Glenn finally soared into history at 9:47 a.m. Eastern time that Tuesday morning, February 20, 1962, and he had been aloft for perhaps 15 minutes when my father awakened me. We were living in Reno, Nevada at the time — three time zones behind Cape Canaveral — and I was a third-grade student at Peavine Elementary School. For Americans who were not yet born in 1962 and grew up in an age when space flight had long since become routine, it might be a little difficult to imagine the excitement generated by the earliest manned flights, especially during Project Mercury, when astronauts soloed into space in a cramped capsule about the size of a telephone booth. (And doubtless some of those same individuals have never seen a telephone booth, either!) But at Peavine, as in thousands of other schools all over the country, the day Glenn orbited the earth became a sort of holiday, and we followed the flight on a television set our teacher, Mrs. Reudy, had brought into the classroom. This continued until he safely splashed down in the Atlantic — and even for some time after that, as I recall. I don’t think we got any real school work done that day. (Glenn orbited the earth three times in a flight which lasted 4 hours and 55 minutes.)

Unbeknown to me as I followed Glenn’s flight, the Post Office Department (as it was then called) had issued a special commemorative stamp to honor the day’s big event. Millions of them had been sent in sealed envelopes to post offices all over the United States, with instructions that the envelopes not be opened unless and until the flight had ended successfully. The stamp was accordingly released within minutes after Glenn’s capsule, Friendship 7, had splashed down and been safely hauled aboard the destroyer U.S.S. Noa.

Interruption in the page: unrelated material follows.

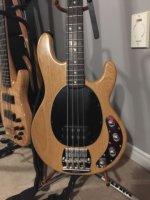 stingray 1.JPG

I first learned of the existence of this stamp a few days or weeks later, when a classmate brought one of them to show-and-tell. About a year later I started collecting stamps, and while this was one I always coveted and badly wanted to include in my collection, I never did achieve my wish, even though 289 million of these Project Mercury commemorative stamps had been issued. And thus it remained until just a couple of weeks ago — nearly 49 years after Glenn’s flight — when a friend gave me the stamp shown here. It was in a special plastic sheath for safekeeping, which I removed when I took this photograph.

The assistance of my friend John Power, a part-time professional photographer who helped me with this picture, is appreciatively acknowledged. I used his Sigma 50mm macro lens for it, along with his specially-designed tripod — mine would not have worked for this little project — and his lighting equipment. That consisted of one lamp with a blue bulb designed to duplicate daylight color temperature. I took five exposures of the stamp, two of which were handheld, the other three being taken with the camera mounted on his tripod. Not surprisingly, both of the handheld shots turned out slightly blurry, but the remaining three were all sharply focused. I plan to order a print of this one from Mpix, have it specially framed, and add it to my office decor.

Technical data: tripod-mounted Nikon D90 with Sigma 50mm macro lens, manually focused; ISO 200; daylight white balance setting; 1.3 second exposure at f/22. Contrast and saturation adjusted in Photoshop Elements 3.0. Because the camera had to be mounted beneath the tripod legs, this also marked the first time I had ever used the D90’s live-view feature to compose a picture. I had my D50 with me as well, but did not use it, partly because doing so in these circumstances would have been extremely difficult without live view, which the older camera does not have.